ボルボは清掃員が、ゴミ回収作業を安全、簡単に出来るようプロジェクトを立ち上げた。もし、成功すれば、それぞれのゴミ回収ルートをまわりきるのに必要な人員の削減にもつながる。

トラックがゴミ回収ポイントを回るのを自動化することで、清掃員はゴミ回収のたびに車の乗り降りをする必要はなくなる。トラック自身が自分で運転することでドライバーを開放し、ほかの重要なタスクを安全にこなせるようになるという。

今日の米国では多くのゴミ回収トラックに、専用に設計されたアームが取り付けられており、ゴミ箱を掴み、車の後部に中身を空けて元の場所に戻してくれる。ドライバーに求められるのはトラックを所定の場所に止め、そのアームを操作することだ。
ほかの清掃員の仕事は、アームが届かないような場所に置かれたゴミの回収である。

多くの地域では今でも、これまで通りの手作業の回収が行われており、清掃員がゴミ箱や空き瓶の回収を行っている。つまり清掃員はトラックを降りてはまた、運転するために戻っているということになる。

自律運転が可能なトラックが出てくれば、ルートを回り切るのに必要な労力は少なくなる。また清掃員も乗り降りの繰り返しがなくなることから負担が軽くなるということだ。

 

どのように機能するのか

youtube:Volvo Trucks – Refuse handling like you’ve never seen it before (autonomous truck)

Volvoのトラックには、現在開発されている自律運転車に搭載されているセンサーと同じものが搭載される予定だ。一回目はGPSとセンサーを使ってルートを策定する。その後はトラックがルート上の障害物や停止が必要なポイントについて学習する。

次のステップとして、ドライバーはトラックから出て、ボタンを使って次のポイントに移動の指示を出すようになる。トラックは人の手助けなしに目的地にたどり着くことができ、新しい障害物が出てきた時はそれを認識し回避する。
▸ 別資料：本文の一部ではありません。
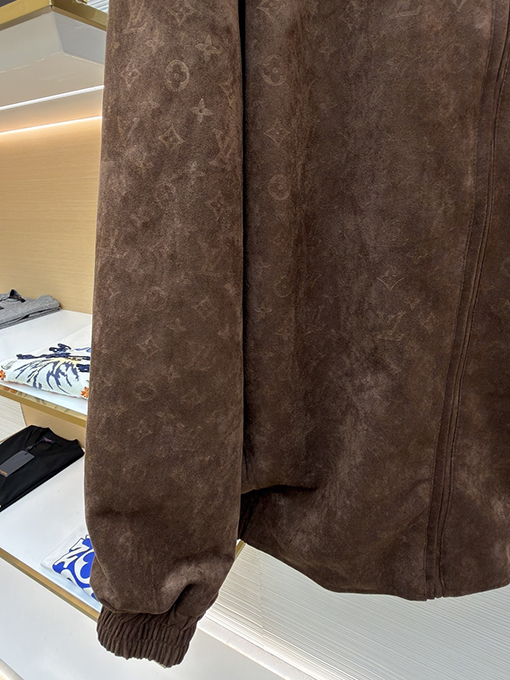 ルイヴィトン 全面プリントのフード付きジャケット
ドライバーはトラックの横を徒歩でついて周りながら、ゴミ箱を空にし必要に応じて所定の場所に持っていく。
ポイントごとに乗り降りする必要はなくなるというわけだ。

あなたが、スウェーデンに住んでいないかぎり、Volvoの自動ゴミ回収トラックを路上で見かけることは当分無いだろう。今のところスウェーデンのゴミ管理会社 Renovaが行っているテストプログラムに留まっており、このテストは2017年いっぱいまで続くと予想されている。そこから更に数年は、追加のリサーチと開発が行われることだろう。

将来ドライバーがいないゴミ回収車が家の前に止まるようになるその始まりを、あなたは目の当たりにしているのかも知れない。